═══ Available records ═══
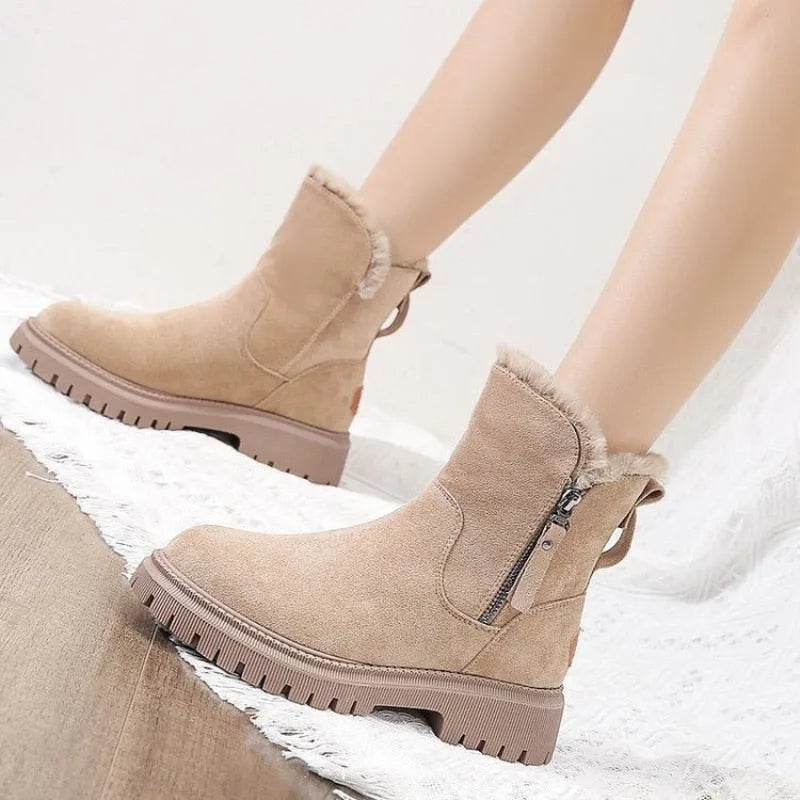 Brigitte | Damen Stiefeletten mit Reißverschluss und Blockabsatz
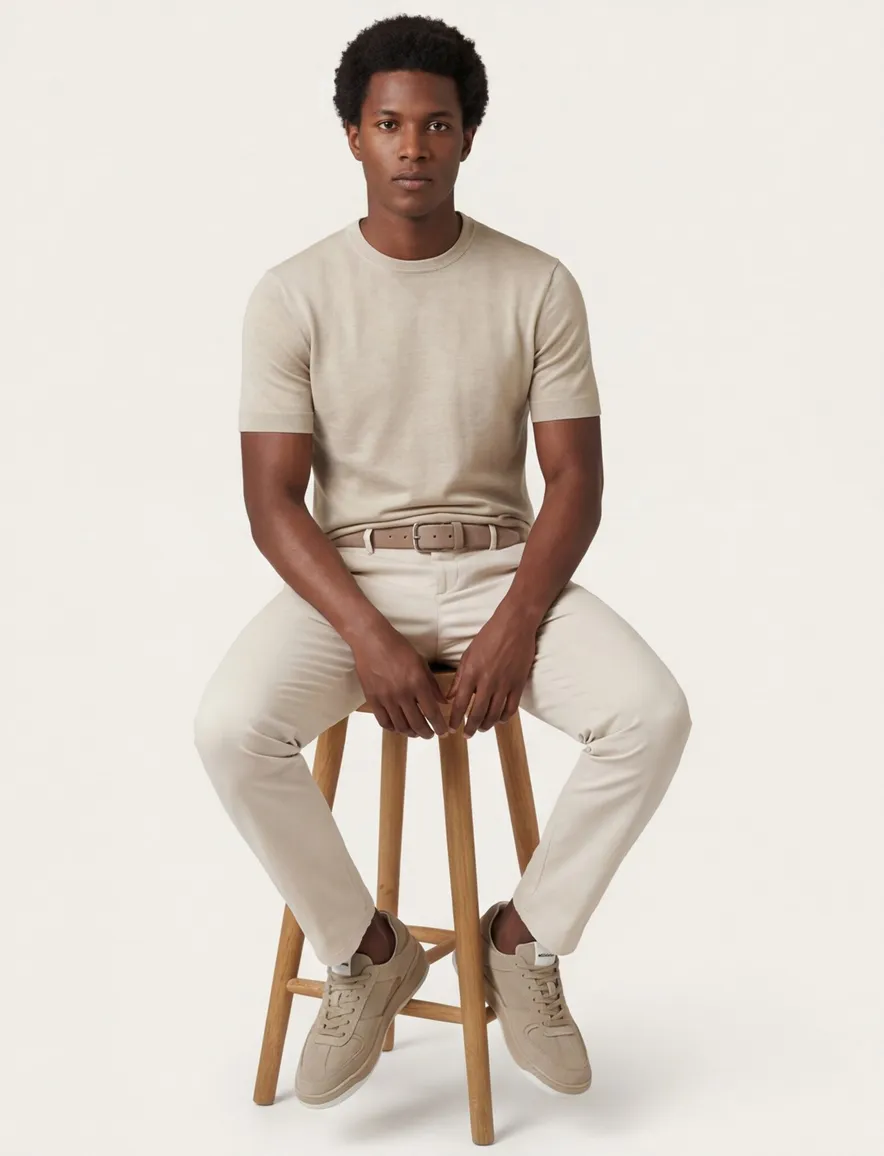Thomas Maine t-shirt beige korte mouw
═══
═══ Available records ═══
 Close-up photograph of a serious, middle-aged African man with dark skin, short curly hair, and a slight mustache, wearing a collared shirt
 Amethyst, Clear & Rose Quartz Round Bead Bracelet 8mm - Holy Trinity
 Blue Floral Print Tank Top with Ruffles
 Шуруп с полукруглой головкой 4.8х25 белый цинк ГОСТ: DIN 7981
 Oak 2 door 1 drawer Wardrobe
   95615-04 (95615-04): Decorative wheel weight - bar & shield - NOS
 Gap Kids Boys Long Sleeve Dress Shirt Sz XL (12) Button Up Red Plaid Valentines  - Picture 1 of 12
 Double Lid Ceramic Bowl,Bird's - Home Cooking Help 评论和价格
═══
Exercise prompt: Set down, from the entries above, exactly the lines from the one with "Amethyst, Clear &" up to and including the one with "Double Lid Ceramic", and no other lines.

Response area:
 Amethyst, Clear & Rose Quartz Round Bead Bracelet 8mm - Holy Trinity
 Blue Floral Print Tank Top with Ruffles
 Шуруп с полукруглой головкой 4.8х25 белый цинк ГОСТ: DIN 7981
 Oak 2 door 1 drawer Wardrobe
   95615-04 (95615-04): Decorative wheel weight - bar & shield - NOS
 Gap Kids Boys Long Sleeve Dress Shirt Sz XL (12) Button Up Red Plaid Valentines  - Picture 1 of 12
 Double Lid Ceramic Bowl,Bird's - Home Cooking Help 评论和价格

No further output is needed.